Luis Reyes RHP Hagerstown Suns
Starting for Hagerstown Wednesday morning was 20-year-old pitcher Luis Reyes, making his third career start at the Low-A level. Immediately I was impressed with Reyes long legs, high waist, and the amount of projection remaining in his “listed” 6-2 175lbs frame. With a baby-face like Justin Bieber, Reyes should fill out with additional muscle as he matures.
Reyes was sitting 87-91mph with his fastball, touching 92mph three times, with life on it and he command it well both arm-side and toward the bottom of the strike zone. Toward the lower velocity readings, his fastball would also show some sinking action. Furthermore Reyes flashed a 73-74mph curveball which needs development, as he slows his arm to help the torque on the pitch. Finally he also showed a few 82-84mph changeups with some natural sinking action toward his arm-side.
Signed as a 17-year-old from the Dominican Republic, Reyes is another product of Washington’s recent improved efforts signing players internationally. While he is extremely raw and needs significant development to his off-speed offerings, Reyes is an intriguing, projectable young arm. I would expect the Nationals to have Reyes focus on fastball command this summer, along with becoming more comfortable throwing his changeup and curveball. This is a nice sleeper prospect in Washington’s system and I am curious to observe his development this season in Hagerstown.

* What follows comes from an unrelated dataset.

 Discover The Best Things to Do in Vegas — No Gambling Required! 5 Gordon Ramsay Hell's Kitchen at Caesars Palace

Jomar Reyes 3B Hagerstown Suns
Maybe he began the 2015 season somewhat unknown in prospect circles, but Reyes’ stock is about to skyrocket like an underpriced IPO on Wall Street. Reyes is already a physically built man, looking much larger than his listed 6-3 220lbs. Reyes flashes a strong arm both pregame and during game action but his sheer mass makes me question if he will have the agility or speed to remain at third base as he continues to mature physically. He has below-average current speed, meaning a position shift is most likely across the diamond rather than the outfield.

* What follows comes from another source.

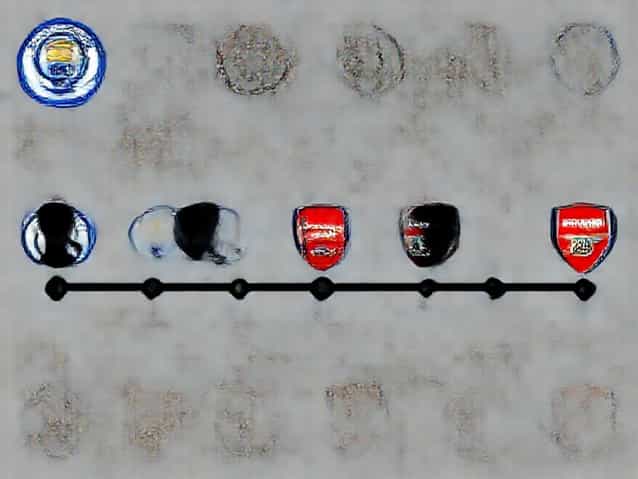 Man City Vs Arsenal Fc Timeline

However, regardless of his eventual defensive position, Reyes is a hitter and his bat will always be his calling card. Reyes shows above-average bat speed, good mechanics and balance throughout his simple right-handed swing. He generates loft and back spin off the bat, and the ball sounds different off the bat than others at this level, as if he is swinging a sledgehammer on a “Strength-Tester” carnival game. Like most young power hitters, his swing can get a touch long and he will need to shorten it as he moves through the minors, but he has quick wrists and the raw bat speed to hit professional velocity.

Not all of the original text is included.